Beide, Kommunen und Land, haben hohe Defizite, und beide stehen in der Verantwortung, diese Defizite auszugleichen. Beiden würde es sehr guttun, wenn wir in Berlin keine Regierung hätten, die eine Keine-SteuererhöhungsDoktrin hat; denn dann wäre die Einnahmesituation von allen staatlichen Ebenen sehr viel besser. Das sage ich sowohl an die Kollegen der CDU als auch an die Kollegen der SPD.

(Beifall bei dem BÜNDNIS 90/DIE GRÜNEN – Zu- ruf des Abg. Norbert Schmitt (SPD))

Wenn die Situation so ist, dass beide Schulden haben, dann kommen wir zu der Aussage, die ich bei der Veranstaltung im Werra-Meißner-Kreis gemacht habe. Wenn das Land über keine Überschüsse verfügt, sondern jedes Jahr 1 Mil

liarde € neue Schulden macht, dann funktioniert die leichte Lösung, nach dem Motto: „Gebt uns etwas von euren Überschüssen“, nicht.

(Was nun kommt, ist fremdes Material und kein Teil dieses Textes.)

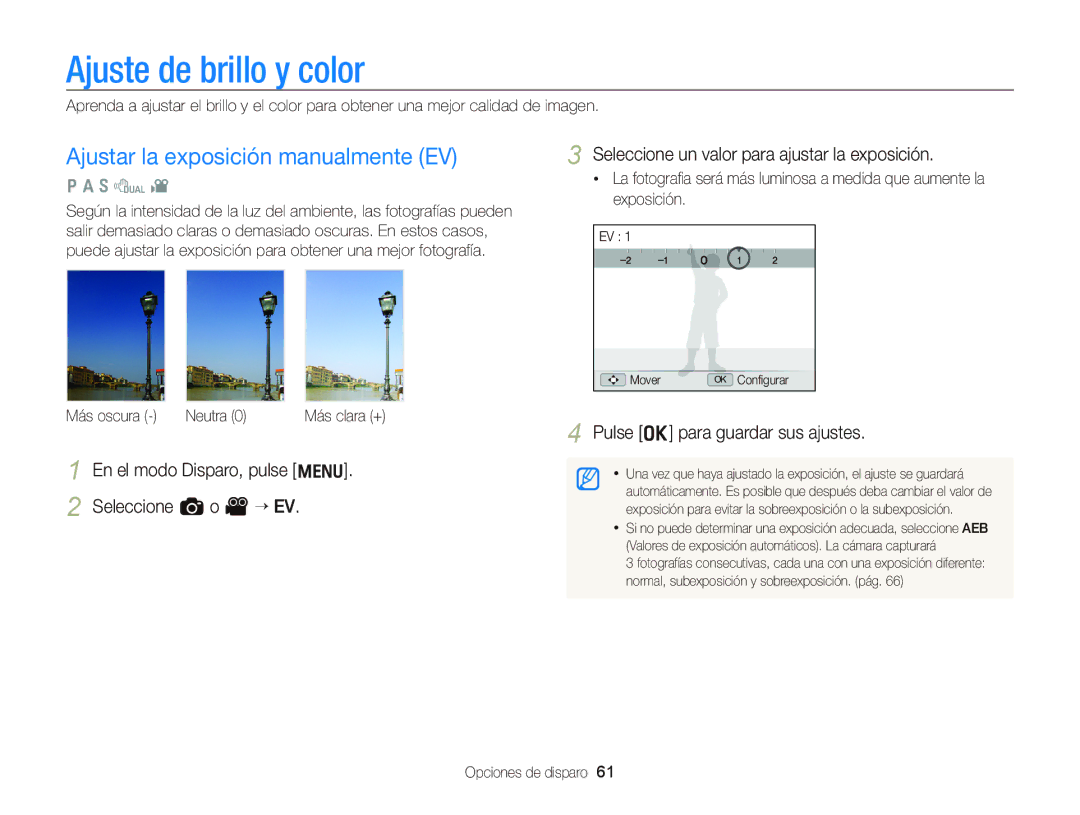 Samsung EC-WB690ZBPBE1 Ajuste de brillo y color, Ajustar la exposición manualmente EV, Más oscura Neutra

Das Land hat keine Überschüsse, das Land hat Schulden, Herr Kollege Schmitt.

Wenn man zu dem Ergebnis kommt und wenn die Berechnungen auf der Grundlage des Urteils des Staatsgerichtshofs zu dem Ergebnis kommen, dass die Kommunen mehr Geld vom Land bekommen müssen, dann hat das, Herr Kollege Schmitt, eine Konsequenz, über die man sich klar werden muss und die man thematisieren muss: Wo soll das Land das Geld hernehmen? – Überschüsse hat das Land nicht. Das Land hat Schulden.

Die schwarz-grüne Landesregierung hat gesagt: Wir machen einen Sparkurs, wie wir von diesen 1 Milliarde € Schulden herunterkommen. – Die SPD in diesem Haus hat jede dieser Sparmaßnahmen abgelehnt

(Beifall bei dem BÜNDNIS 90/DIE GRÜNEN und der CDU)

und sagt gleichzeitig: Wir haben mehr Geld, das wir den Kommunen zur Verfügung stellen können. – Meine Damen und Herren, meine einzige Bitte in dieser Debatte ist, gerade weil uns die Kommunen am Herzen liegen, redlich zu sein,

(Zuruf des Abg. Thorsten Schäfer-Gümbel (SPD))

dass Sie dann sagen, wo Sie anders und wo noch mehr als die schwarz-grüne Regierung sparen wollen, um den Kommunen zusätzliches Geld zur Verfügung zu stellen.

(Thorsten Schäfer-Gümbel (SPD): Das sage ich Ihnen!)

Meine Damen und Herren von der Opposition, diese Frage können wir Ihnen nicht ersparen.

(Beifall bei dem BÜNDNIS 90/DIE GRÜNEN und der CDU)

Alle Sparvorschläge abzulehnen und gleichzeitig zu sagen: „Wir haben noch mehr Geld“, das ist absolut unredlich. Deshalb bleibe ich bei meinem Punkt: Den hessischen Kommunen helfen keine Sprüche, sondern nur sauber gerechnete Zahlen.

(Thorsten Schäfer-Gümbel (SPD): Genau das stimmt! Fangen Sie an damit!)

Und da sind wir bei Finanzminister Schäfer in guten Händen. – Vielen Dank für die Aufmerksamkeit.

(Beifall bei dem BÜNDNIS 90/DIE GRÜNEN und der CDU)

Vielen Dank, Kollege Wagner. – Das Wort hat der Abg. Rock, FDP-Fraktion, Seligenstadt.

Herr Präsident, sehr geehrte Damen und Herren! Herr Wagner, der Finanzminister hat mich schon ein bisschen provoziert, noch einmal vorzugehen. Aber ich dachte: Na gut, ob das was bringt?

(Günter Schork (CDU): Das bringt nichts!)

Herr Wagner, aber Sie haben sich jetzt in der Sichtweise auf das, was Herr Hahn hier versucht hat vorzutragen, hierhin gestellt und gesagt: Das Land und die Kommunen sind sozusagen auf einer Augenhöhe, alle haben ihre finanzielle Verantwortung, und darum muss man gemeinsam aus der Krise kommen, und wir alle müssen doch zusehen, dass überall in Deutschland Steuern erhöht werden, damit der Staat genug Geld hat; und wir sind die Sparkommissare in diesem Land.

Wir sind einmal auf die Haushaltsdebatte gespannt. Wir sind einmal auf die Strukturdebatten in Ihren Häusern gespannt. Ich kann im Umweltministerium und im Wirtschaftsministerium noch keine Sparansätze erkennen. In Ihren Koalitionsvertrag ist das eine oder andere eingefügt worden. Andererseits steht eine Vielzahl von Ausgaben dagegen, ob man die so machen will oder nicht. Sich hierhin zu stellen und zu behaupten, die GRÜNEN seien die neuen Sparkommissare in Hessen, und mit dem Finger auf andere zu deuten, ist eine der mutigsten Aussagen in Plenum, die ich seit Langem gehört habe.